→ Work request
In the records below, the relevant part opens with the line containing "Kocaelispor USA üyeleri, New" and closes with the line containing "特朗普曾试图以自己的名字命名机场和火车站"; print that part exactly and only, without its pictures.

→ The data
+++
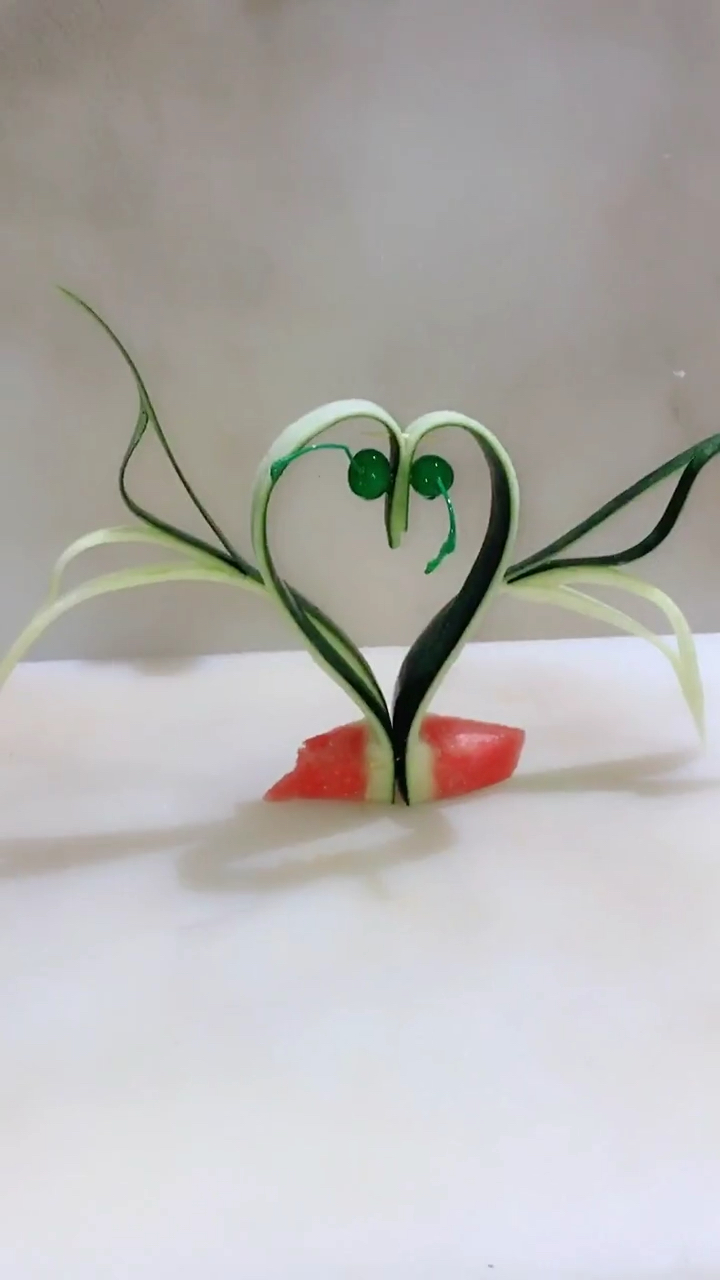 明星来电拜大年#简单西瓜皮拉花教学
+++
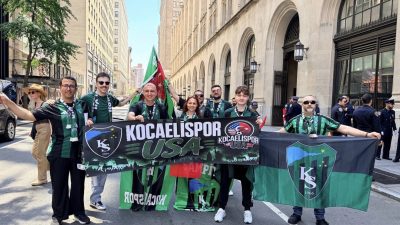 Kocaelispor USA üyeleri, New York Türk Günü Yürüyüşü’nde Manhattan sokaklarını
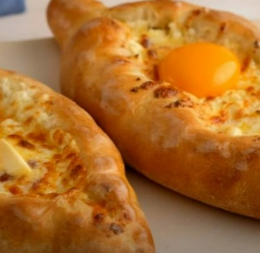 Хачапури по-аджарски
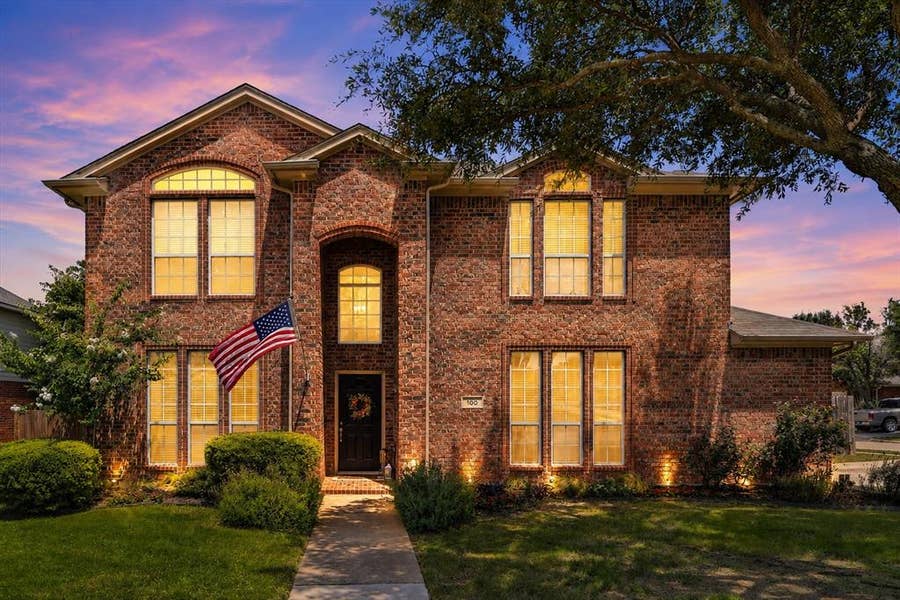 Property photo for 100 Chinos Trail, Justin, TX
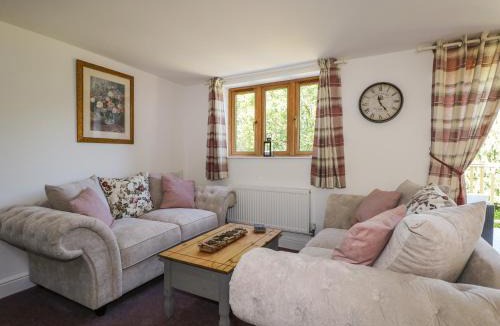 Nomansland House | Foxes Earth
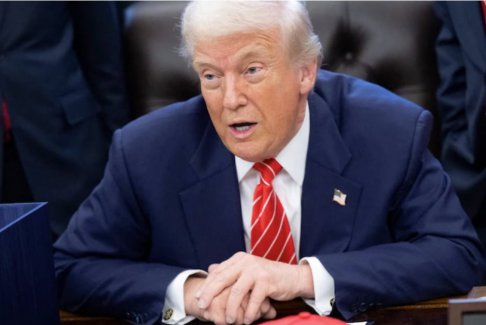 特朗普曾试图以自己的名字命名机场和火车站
+++
→ Solution to this task
 Kocaelispor USA üyeleri, New York Türk Günü Yürüyüşü’nde Manhattan sokaklarını
 Хачапури по-аджарски
 Property photo for 100 Chinos Trail, Justin, TX
 Nomansland House | Foxes Earth
 特朗普曾试图以自己的名字命名机场和火车站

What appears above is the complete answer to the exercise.